I have a complete Double Deep Q Network solution to a game (Cartpole) up and running! First time achieving this. Admittedly it’s someone else’s code, only slightly reorganized by me, but I understand nearly all of it and so should be able to get it to work with other inputs, such as trading data.
I don’t know why it has been so hard to get to this point. Simply copy/pasting someone else’s code should be a no-brainer, but the process has been fraught with difficulties. Anyway, I’ll explore this solution further ’til I understand it completely, apply it to a variety of problems, and then develop things from there. The network topology used is very basic, and I’m sure can be improved for a variety of other problems. Also hyperparameter tuning might come in handy. Perhaps most important is that conceptually I now understand what’s going on, even those equations I mentioned a few posts ago make more sense now. It’s just a couple of implementation details that I haven’t quite got my head around. For one section of code even the author/presenter says to check out StackOverflow for an explanation of how it works!

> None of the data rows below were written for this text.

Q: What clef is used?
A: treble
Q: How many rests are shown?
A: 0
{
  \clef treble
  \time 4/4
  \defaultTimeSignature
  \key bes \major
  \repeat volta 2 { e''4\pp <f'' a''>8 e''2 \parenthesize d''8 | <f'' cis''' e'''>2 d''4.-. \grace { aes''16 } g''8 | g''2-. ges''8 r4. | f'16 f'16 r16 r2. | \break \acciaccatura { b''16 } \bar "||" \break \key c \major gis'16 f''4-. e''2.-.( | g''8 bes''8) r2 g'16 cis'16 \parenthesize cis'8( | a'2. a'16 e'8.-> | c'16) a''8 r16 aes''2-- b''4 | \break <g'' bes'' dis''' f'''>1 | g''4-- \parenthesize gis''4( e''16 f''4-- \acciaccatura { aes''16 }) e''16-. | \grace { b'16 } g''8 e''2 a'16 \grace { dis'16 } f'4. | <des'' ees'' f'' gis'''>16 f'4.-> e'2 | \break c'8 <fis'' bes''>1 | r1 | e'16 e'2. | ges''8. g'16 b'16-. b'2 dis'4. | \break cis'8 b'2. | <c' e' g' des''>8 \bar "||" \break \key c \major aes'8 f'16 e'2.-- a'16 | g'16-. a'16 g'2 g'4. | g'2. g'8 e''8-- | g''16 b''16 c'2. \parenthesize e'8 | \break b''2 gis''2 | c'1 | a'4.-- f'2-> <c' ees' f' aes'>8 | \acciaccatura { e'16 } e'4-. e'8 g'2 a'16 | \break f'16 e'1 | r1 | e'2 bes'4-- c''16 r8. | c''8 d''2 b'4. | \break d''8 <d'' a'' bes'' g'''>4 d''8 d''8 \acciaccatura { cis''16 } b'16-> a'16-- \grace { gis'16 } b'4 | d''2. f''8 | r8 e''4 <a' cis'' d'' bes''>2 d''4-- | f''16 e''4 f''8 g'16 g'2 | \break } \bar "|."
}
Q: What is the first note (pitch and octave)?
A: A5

Reinforcement Learning faces a dichotomy between Exploration and Exploitation, mentioned in a previous post. Exploration is fairly random, and develops knowledge of how the environment works. Exploitation involves using that knowledge to achieve real ends. Usually in RL there’s always some exploration, just in case there’s some undiscovered treasure in the environment.
Having spent a lot of time on exploration of the subject of RL, I’m now about to exploit that knowledge. However I’ll continue to explore (study) some of the time to improve my general understanding and perhaps discover some golden nugget of knowledge that takes me to a new level.